Honestly with the way Japanese industry worked in 1940 you had to bomb a city flat to get it to stop making war materials. You'd have little garage shops all over the city turning out individual parts in batches and the factories were really just assembly yards. Bomb an assembly plant and they'd put machine guns together in a movie theatre. This is why we firebombed so much of Japan but used targeted high explosive in Germany.
Shonus, I really don't understand what you're getting at. A missile hits within 150 meters of its aimpoint with ten thousand kilometers range. That's the definition of pinpoint accuracy when you're lofting twenty megaton hydrogen bombs. I never said cities won't be hit as a side effect, but you did say they couldn't aim for anything smaller than a city. Here we have the issue. Lastly, a B-52 dropping its payload from 400 feet with a drag chute is going to be on-the-nose accurate, so the missiles are only half the story.

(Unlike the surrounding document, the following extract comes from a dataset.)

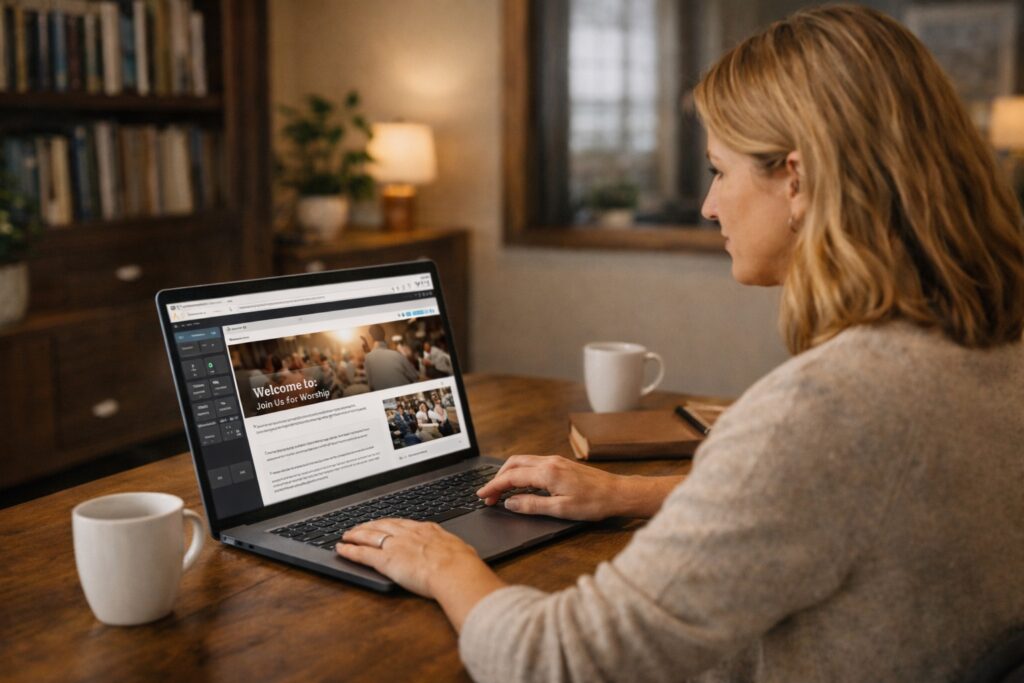 website builders for churches laptop design workspace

Yes, 150m is very accurate. Only US and Russian land based bissiles are close to that accurate. Trident SLBMs are that accurate under ideal conditions, but they rely so heavily on GPS to achieve that accuracy that they might as well not have it once boms start going off and screwing up the ionosphere. I never said that the capability
did not exist. I said that
most weapons lacked it. A B-52 or TU-95 might be able to drop with precision, except for the tiny detail that anything even remotely approaching a pinpoint target would be protected enough that conventional bombers would find it almost impossible to approach without being blown out of the sky. Theat's why the US spent hundreds of billions of dollars on Stealth. The only practical means of attacking a heavily defended target are:
Last-generation ICBMs with pinpoint cabability.
Stealth bombers
Lob-toss gravity bombs
Saturation bombardment with cruise missiles and more primitive ballistic missiles.
Only two and one half of those have the accuracy needed to reliably take out hard targets like bunkers and silos. The first two I have already discussed. The "half," cruise missiles, suffer both from range problems and the fact that they are still rather vulnerable to fighters and anti-aircraft weaponry, though less so than non-stealth bombers.